We now calculate reductions in deviance starting from the population average model, letting the intercept, slope and curvature be random, and finally allowing for serial correlation
. quietly xtmixed height age age2 age3 age4 sc, mle
. estimates store ols
. quietly xtmixed height age age2 age3 age4 sc || id: , mle
. estimates store ri
. lrtest ols .
Likelihood-ratio test
Assumption: ols nested within ri
LR chi2(1) = 712.33
Prob > chi2 = 0.0000
Note: The reported degrees of freedom assumes the null hypothesis is not on
the boundary of the parameter space. If this is not true, then the
reported test is conservative.
. quietly xtmixed height age age2 age3 age4 sc || id: age ///
> , mle covariance(unstructured)
. estimates store rs
. lrtest ri .
Likelihood-ratio test
Assumption: ri nested within rs
LR chi2(2) = 260.73
Prob > chi2 = 0.0000
Note: The reported degrees of freedom assumes the null hypothesis is not on
the boundary of the parameter space. If this is not true, then the
reported test is conservative.
. quietly xtmixed height age age2 age3 age4 sc || id: age age2 ///
> , mle covariance(unstructured)
. estimates store rq
. lrtest rs .
Likelihood-ratio test
Assumption: rs nested within rq
LR chi2(3) = 52.93
Prob > chi2 = 0.0000
Note: The reported degrees of freedom assumes the null hypothesis is not on
the boundary of the parameter space. If this is not true, then the
reported test is conservative.
. quietly xtmixed height age age2 age3 age4 sc || id: age age2 ///
> , mle covariance(unstructured) residuals(exponential, t(age))
. lrtest rq .
Likelihood-ratio test
Assumption: rq nested within .
LR chi2(1) = 2.06
Prob > chi2 = 0.1512
> mf <- height ~ age + age2 + age3 + age4 + sc
> m0 <- lm(mf, data = oxboys)
> m1 <- lme(mf, random = ~ 1 | id, data = oxboys, method = "ML")

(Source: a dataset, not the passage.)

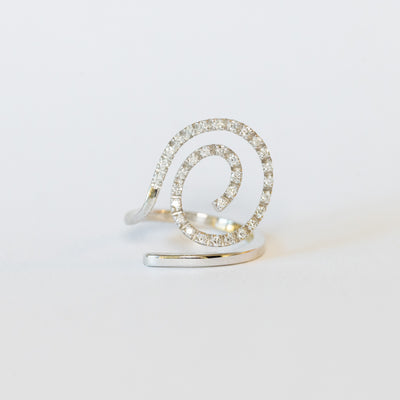 Anello fantasia a spirale in oro bianco 18 kt e diamanti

> cat("0 vs 1", "L.Ratio = ", 2*(logLik(m1) - logLik(m0)),"\n")
0 vs 1 L.Ratio = 712.3291
> m2 <- update(m1, random = ~ age | id, method="ML")
> m3 <- update(m2, random = ~ age + age2 | id)
> m4 <- update(m3, correlation = corCAR1(form = ~ age | id))
> anova(m1, m2, m3, m4)
Model df AIC BIC logLik Test L.Ratio p-value
m1 1 8 943.2427 970.8853 -463.6213
m2 2 10 686.5144 721.0677 -333.2572 1 vs 2 260.72824 <.0001
m3 3 13 639.5809 684.5001 -306.7905 2 vs 3 52.93350 <.0001
m4 4 14 639.5205 687.8950 -305.7602 3 vs 4 2.06045 0.1512
All tests are on a boundary of the parameter space and thus are conservative. They are all significant except for serial correlation.